対策: 共同出願契約で以下を取り決める。
- 中小企業によるライセンス供与に大企業が包括的に同意する条項
- ライセンス収入の分配ルール
- 一定期間後の持分買取オプション
落とし穴2:大学との共有特許
大学は通常、自ら特許を実施(製造・販売)しないため、ライセンス収入に依存します。
問題: 企業が自己実施でカバーする範囲では大学にロイヤリティが入らない。
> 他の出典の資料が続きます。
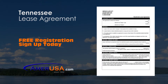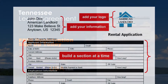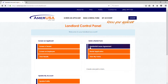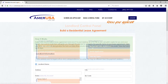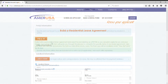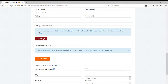Both forms can be personalized with your logo and contact information for a professional appearance. The lease agreement can even be pre-filled and printed with your specific terms and conditions. No more handwritten contracts — your lease will be signature ready.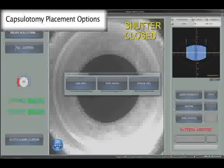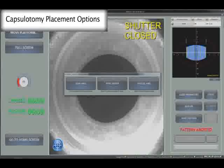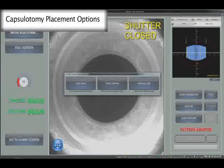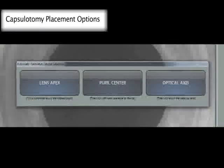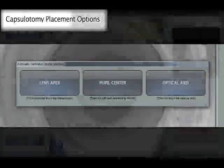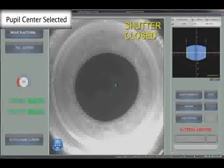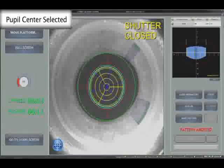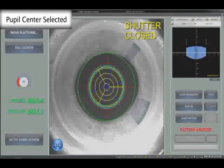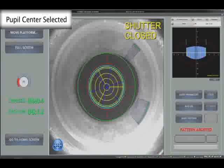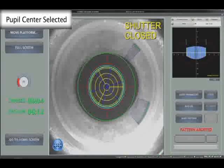When planning the treatment after the image is complete, the surgeon has the option of placing the capsulotomy over the centre of the pupil, over the anterior apex of the lens, or over the optical axis of the lens. The planning screen then shows the diameter of the short axis of the pupil in green, the chosen capsulotomy diameter in red, and the selected fragmentation pattern in blue and yellow.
大学にとって共有特許は「持っているが収益を生まない権利」になりがちです。
対策:
- 不実施補償の取り決め(企業が大学の持分に対して補償金を支払う)
- ライセンス収入の分配ルールの明確化
- 大学の持分を企業が買い取るオプション
落とし穴3:共有者の経営破綻
共有者の一方が経営破綻した場合、その持分が第三者に移転するリスクがあります。
問題: 破産管財人が持分を第三者に売却する可能性がある(他の共有者の同意が必要だが、裁判所の許可で覆る場合がある)。
対策:
- 共同出願契約に「先買権」(他の共有者が優先的に持分を取得できる権利)を設ける
- 破産時の持分買取条項を盛り込む
共同出願契約で定めるべき事項
必須条項
- 持分割合: 発明への貢献度に応じた持分比率
- 費用負担: 出願費用、維持年金の負担割合
- 自己実施の条件: 実施報告対応、不実施補償の有無
- 第三者ライセンス: 同意の方法、収入の分配
- 改良発明の取り扱い: 改良発明の帰属と実施条件
- 持分の譲渡制限: 先買権、譲渡禁止期間
- 紛争解決: 仲裁・調停の規定
持分割合の決め方
持分割合は、以下の要素を総合的に考慮して決定します。
- 発明への知的貢献度
- 研究開発費の負担割合
- 設備・材料の提供
- プロジェクトマネジメントの貢献
まとめ
共有特許は、共同研究や産学連携の成果として頻繁に生じますが、その管理は単独保有の特許よりも格段に複雑です。共同出願契約で各共有者の権利対応を明確に定めることが、将来のトラブルを防ぐ最善策です。特に大企業と中小企業、企業と大学のような異なる立場の共有では、事前の取り決めが極めて重要です。